O soldado fugiu do Brasil com a ajuda do Estado israelense a partir da embaixada do país em território brasileiro. Com exclusividade a Opera Mundi, a advogada apontou que a conduta de Tel Aviv foi um “desrespeito à soberania e às instituições brasileiras”, mas que é “coerente” com “política externa de impunidade” do governo sionista de Benjamin Netanyahu.
“O que nós apresentamos foi um requerimento de investigação e imposição de medidas cautelares, com a observância de todos os direitos e garantias que fazem parte do devido processo legal e da ampla defesa, e em resposta nós temos membros do governo israelense ameaçando de morte as pessoas da Fundação Hind Rajab”, disse.

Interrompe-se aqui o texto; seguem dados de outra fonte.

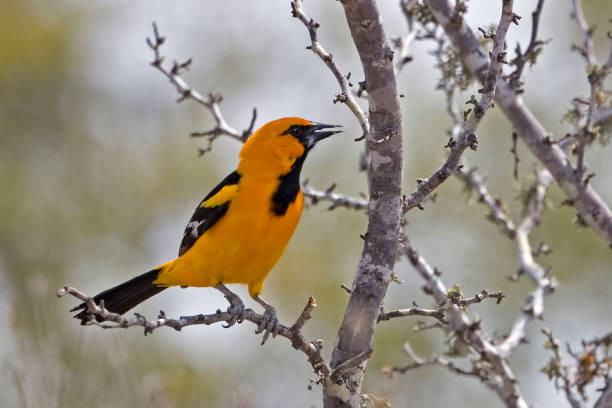 istock Male Altamira Oriole, Icterus gularis 1285634863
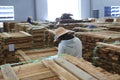 Acacia timber log raw material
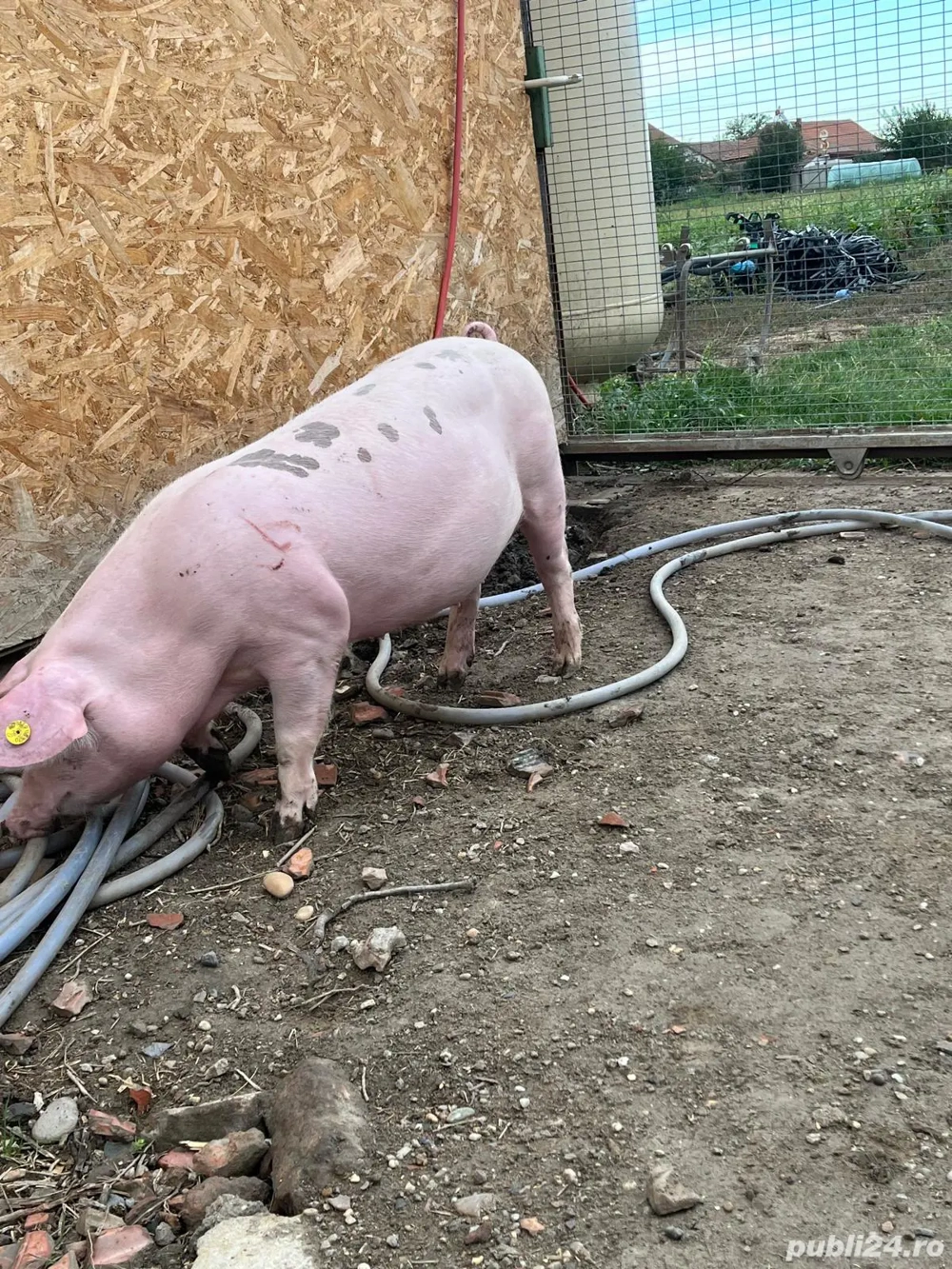 Purcei de vânzare 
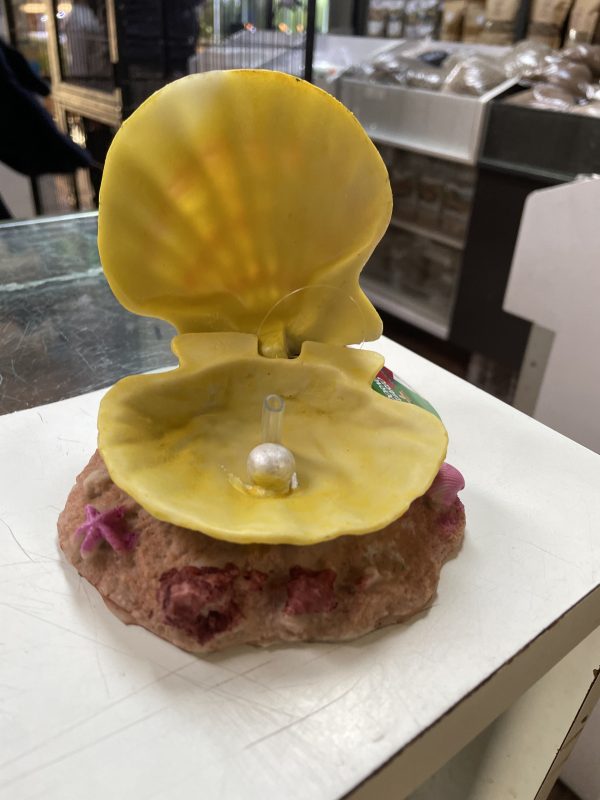 Adorno Almeja - Imagen 2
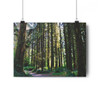Ancient Copse - Giclee-Printed Fine Art Photographic Print on Museum Grade Paper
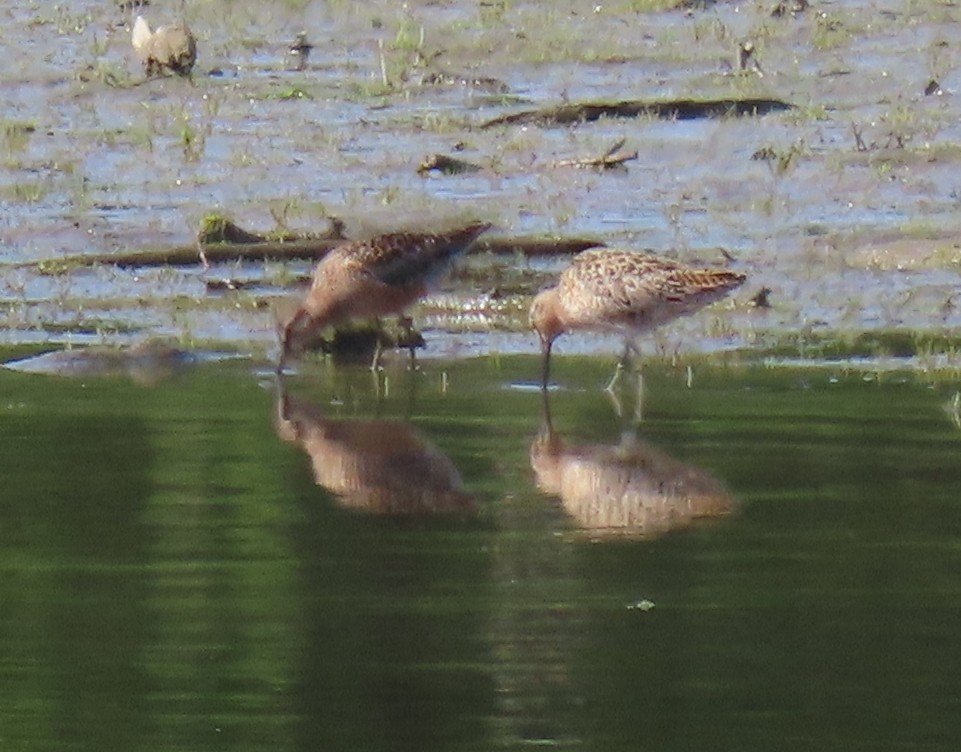 Long-billed Dowitcher - ML570800691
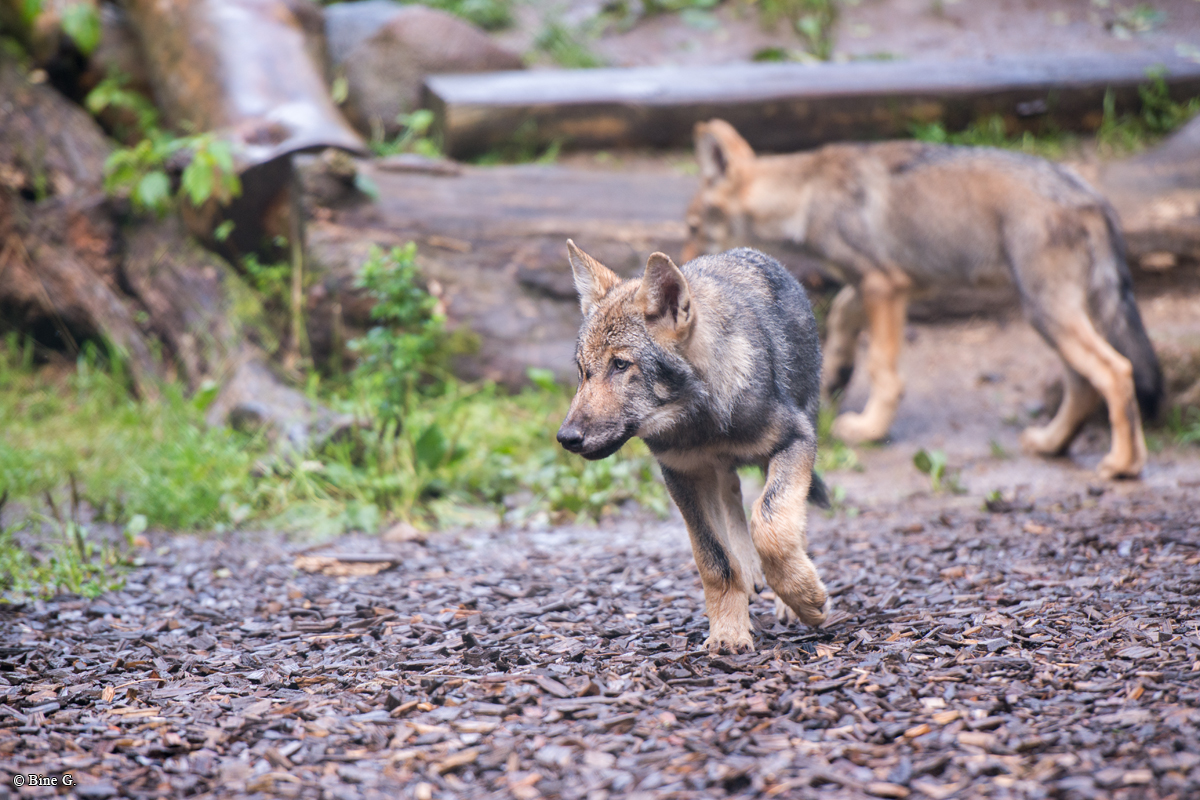 Pup3m1707Lueneburg-BineG_Kolja-03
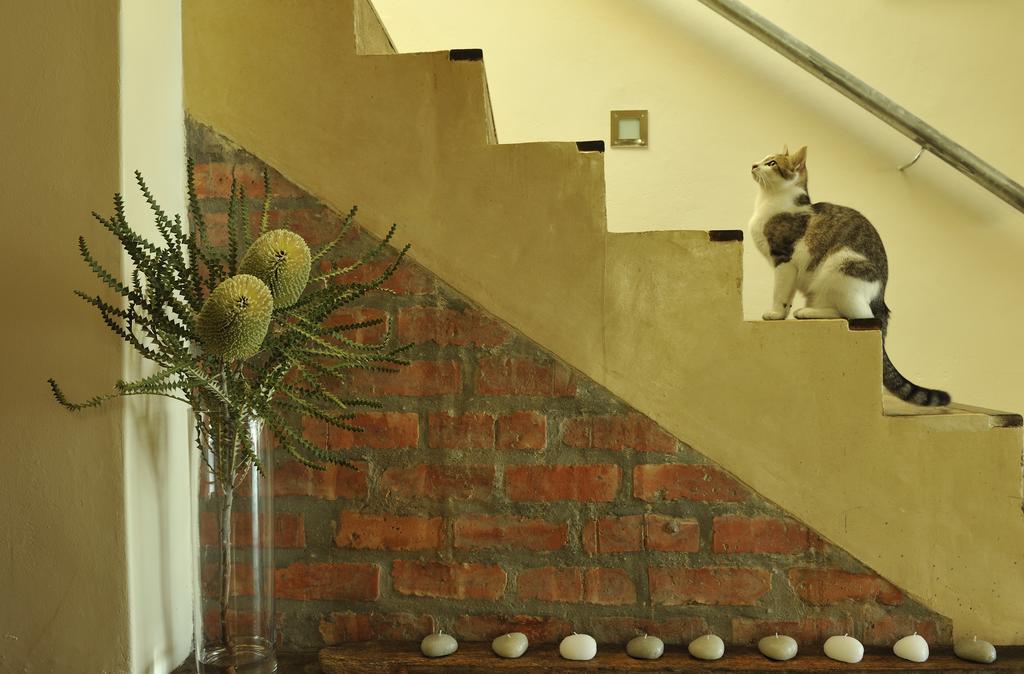 Whalesong Lodge Gansbaai Kültér fotó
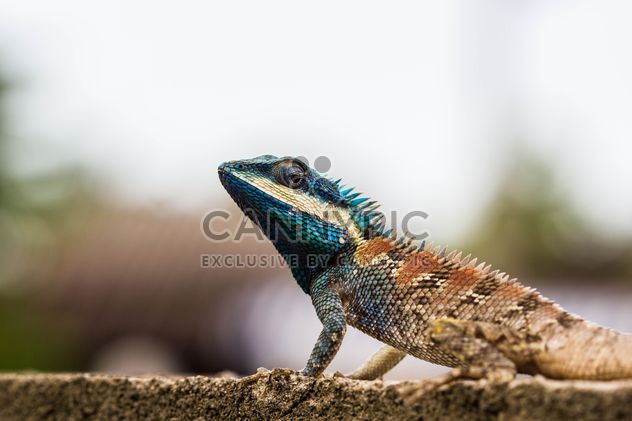 Blue-crested lizard - image #439151 gratis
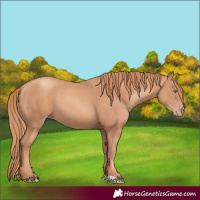 Horse Color:Gold Champagne 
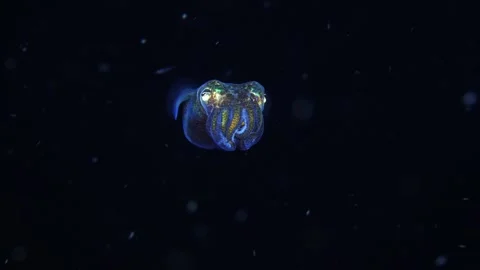 Bobtail squid Stock Footage 274475205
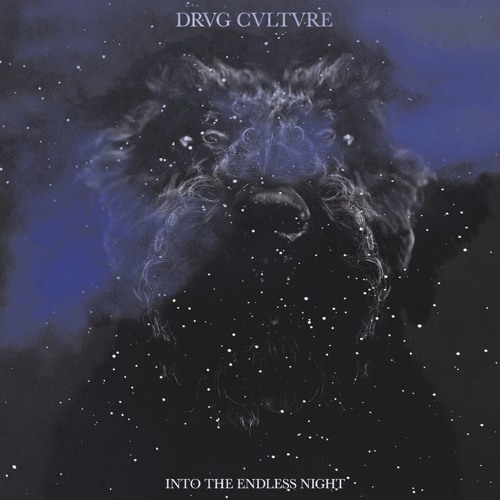 PREMIERE : Drvg Cvltvre - Into The Endless Night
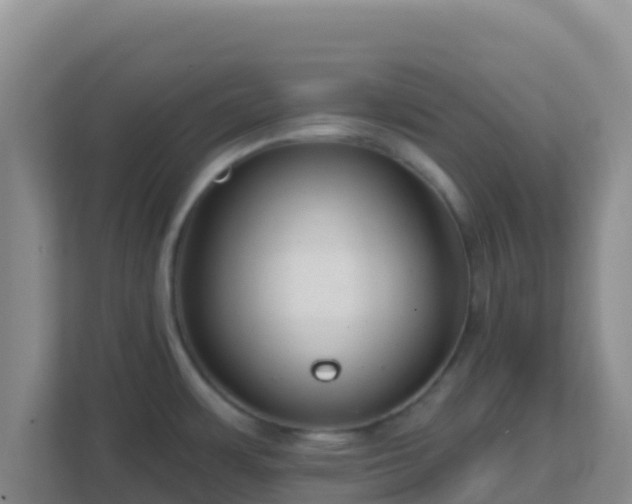 X0000111671483200907241202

Ela mesma e sua família se tornaram alvos de ataques de grupos sionistas nas redes sociais desde que começou a atuar no caso. “Minhas redes sociais foram praticamente sequestradas por setores da extrema direita, do esgoto da internet”, contou Maíra a Opera Mundi.
Ela acrescenta que “há uma atuação importante de setores da propaganda israelense, que fizeram um dossiê sobre mim, que chegou a ser traduzido e difundido no Telegram, por isso eu já recebi ameaças em inglês e em hebraico”.
Maíra também trabalha no caso dos estudantes da Universidade de São Paulo (USP) ameaçados de expulsão por se posicionarem contra o genocídio cometido na Faixa de Gaza. Segundo a defensora, que ainda não foi concluído, mas no qual ela diz esperar por um bom resultado.
Leia a íntegra da entrevista com a advogada de direitos humanos Maíra Pinheiro:
Opera Mundi: como continua o trabalho da Fundação Hind Rajab após a fuga de Yuval Vagdani do Brasil? Ele pode ser processado em outros países? Outros soldados podem ser denunciados de forma similar?
Maíra Pinheiro: o trabalho continua como antes. Estamos monitorando o caso, coletando evidências com um rigoroso respeito à cadeia de custódia da prova digital, com informações detalhadas de geolocalização e acompanhando os movimentos desses possíveis criminosos de guerra através de investigação por inteligência de fontes abertas.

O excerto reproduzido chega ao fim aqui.